¿La desigualdad es la bomba?, por Caitlin Moran

En algunos aspectos, la extrema pobreza se parece mucho a la extrema riqueza. Sobre todo, en el hecho de que ambos segmentos se sienten libres para vivir con temeridad. Los que son muy pobres, porque no tienen nada que perder; los que son muy ricos, porque no pueden perder nada. Un chaval pobre y muy enfadado puede quemar la tienda de su barrio porque no tiene dinero para comprar en ella; un pijo borracho puede destrozar un bar porque los gastos que le genera son calderilla. Pero ese improbable parentesco tiene una razón de ser: sea lo que sea eso que llamamos “la sociedad”, ninguno de los dos se siente parte de ella.

Me di cuenta de todo esto al leer un reciente análisis sobre las razones por las que Gran Bretaña se está haciendo pedazos y tenemos esta horrible sensación de estar dando vueltas en un carrusel de insensatez. La conclusión es que en la sociedad occidental donde vivimos hay más anarquía de lo que imaginábamos.

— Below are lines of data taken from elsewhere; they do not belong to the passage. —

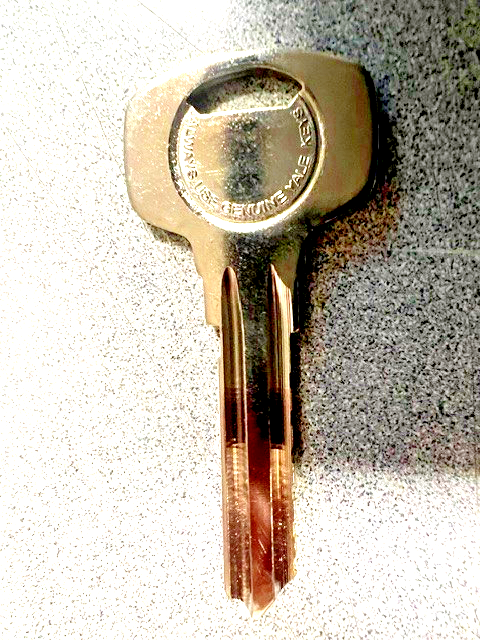 YALE RESIDENTIAL KEYBLANK  PARA  Y2 6 PIN  YALE LOGO  (1 CUT)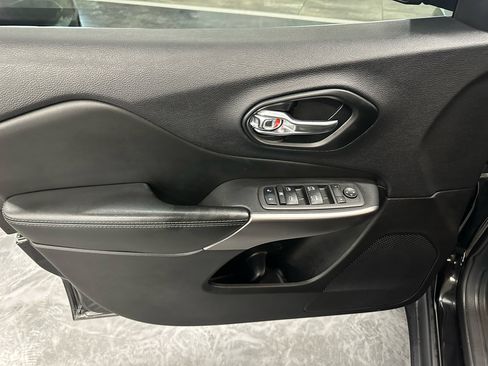 Used 2022 Jeep Cherokee Latitude Lux w/ Sun & Sound Group image 10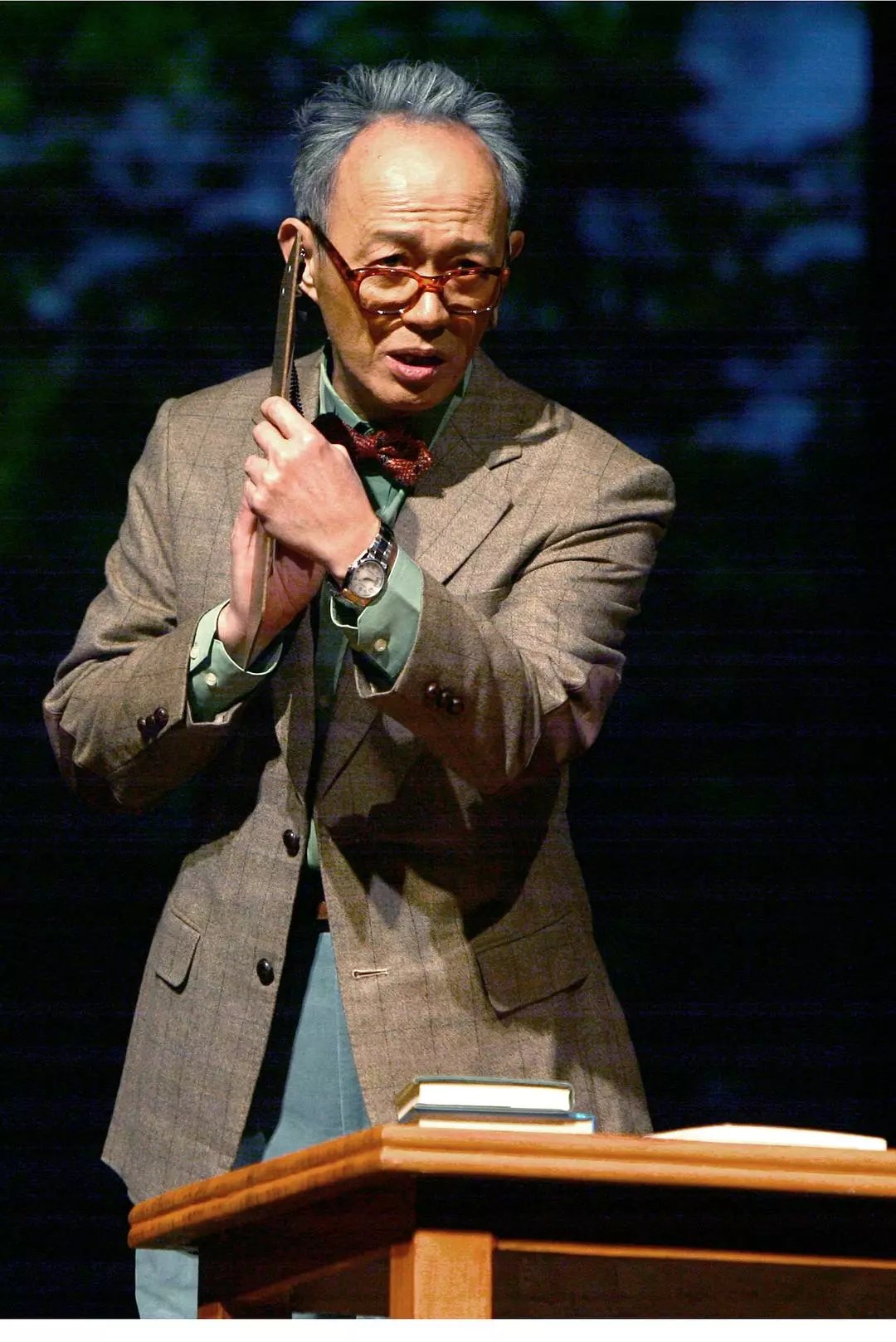 “叛逆戏骨”金士杰：一句话戳哭天下父女的男人，活得有多刚？_百科TA说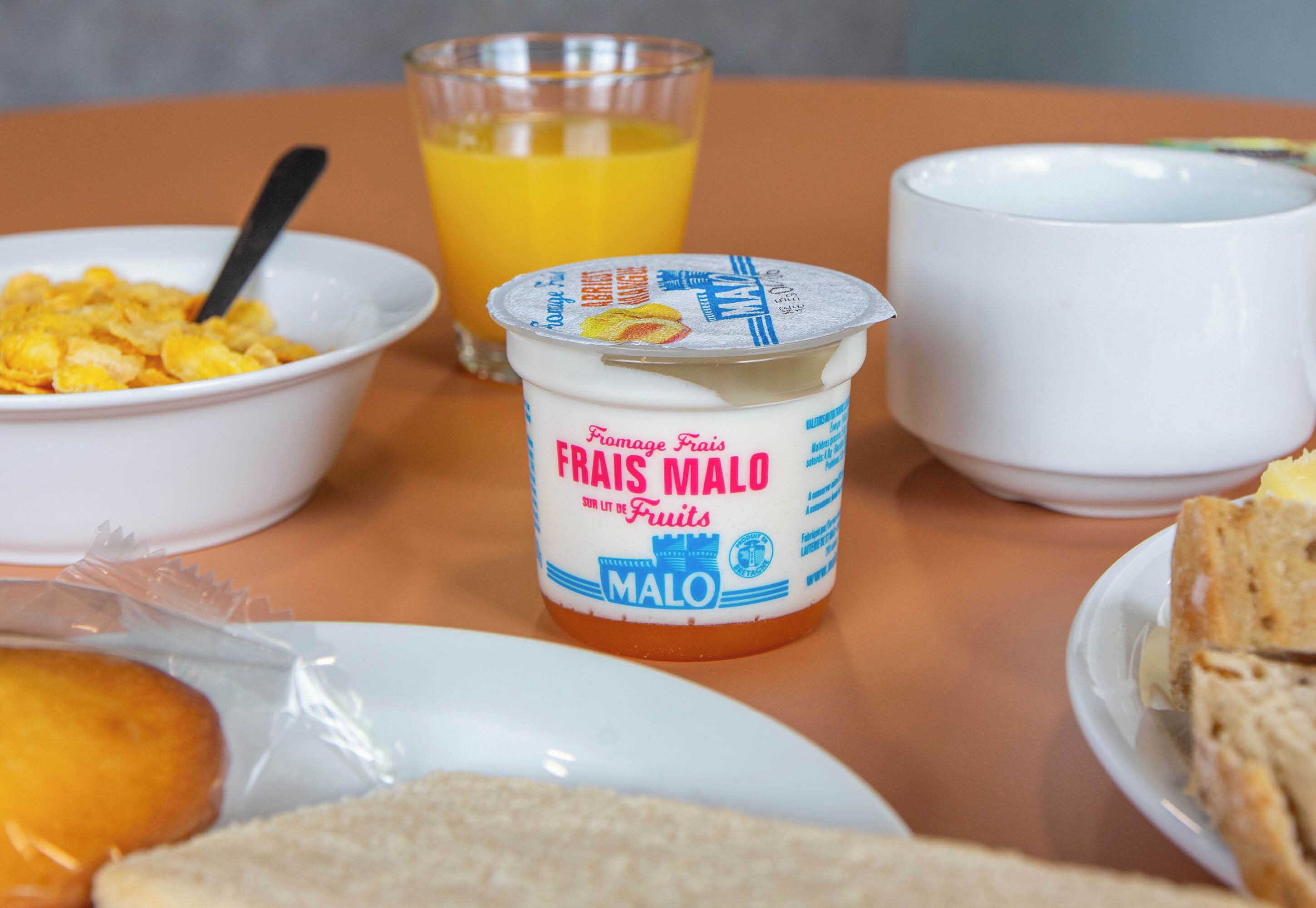 daily buffet breakfast (eur 8.90 per person)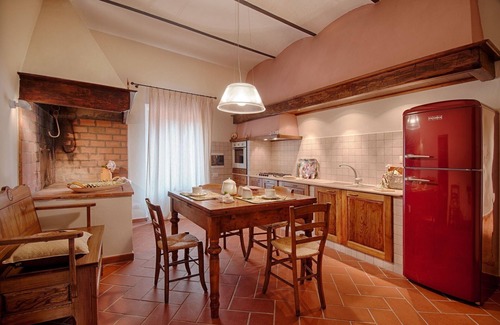 Castelfiorentino Villa | Private Villa with private pool, WIFI, hot tub, sauna, TV, terrace, panoramic view, parking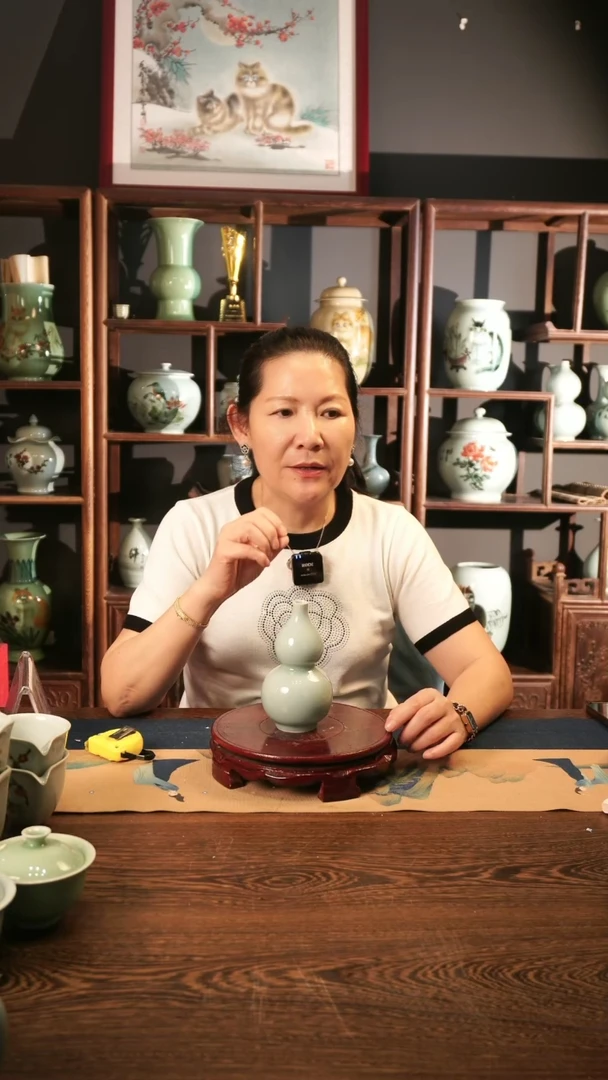 纯手工 粉青 小葫芦瓶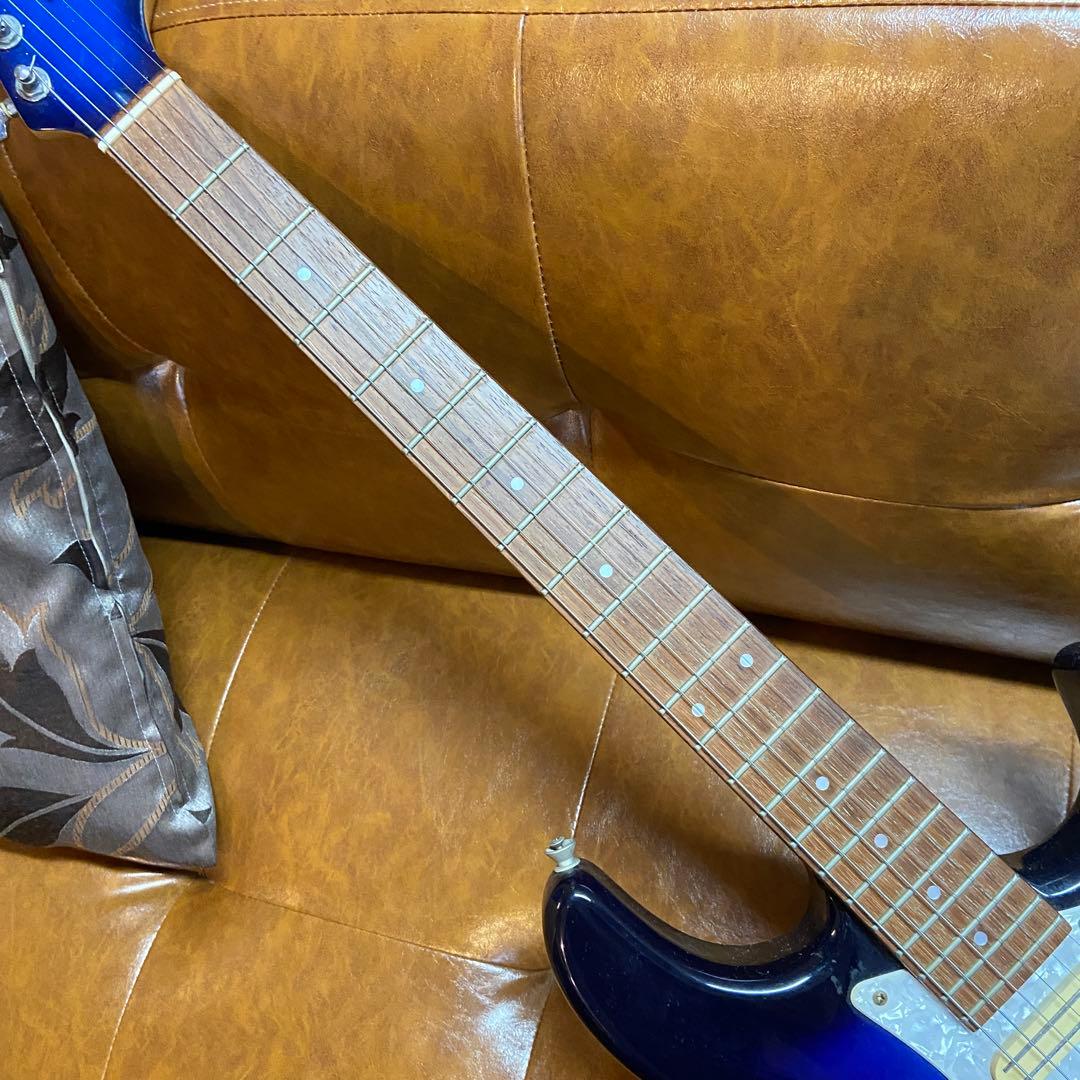 FERNANDES フェルナンデス⭐️エレキギター　ストラトキャスター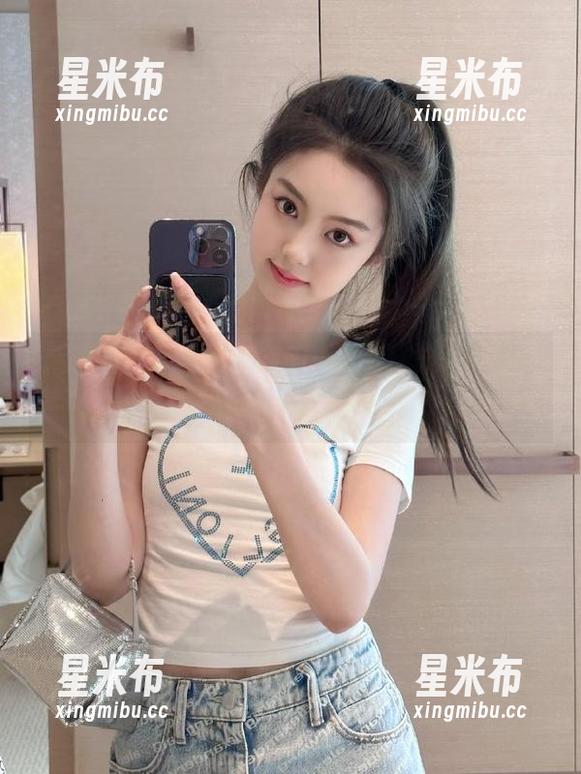 精选套图：PoppaChan诠释米莉姆·娜娃的独特风格与魅力.txt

Sí, siempre creímos que la gran frontera política es la que separa la izquierda de la derecha, pero resulta que en estos momentos hay otro antagonismo crucial: el que se da entre –a falta de mejor término– gente moderada, por un lado, y anarquistas, por el otro.

Los estudios muestran que un 40% de la sociedad “desconfía de las instituciones” o siente un claro deseo de “cargarse el sistema” y apoyaría alguna acción “radical” para generar cambios a gran escala. “Una minoría sustancial está tan descontenta con el estado actual de las cosas que está dispuesta a movilizarse contra el orden político solo para ver si en lo que surge después del caos hay algo mejor para ellos”, sería la conclusión. Esa es, sospecho, la sensación detrás del voto a favor del Brexit. Puede que hubiera algunos (unos pocos) de los que votaron que tenían la información suficiente para saber lo que significaba abandonar la Unión Europea y cómo afectaría a sus vidas, pero la mayoría solo estaban ansiosos por romper con todo y empezar de cero. En suma, querían destruir el sistema. Estaban dispuestos a asumir el riesgo, a presionar el botón, a detonar la bomba.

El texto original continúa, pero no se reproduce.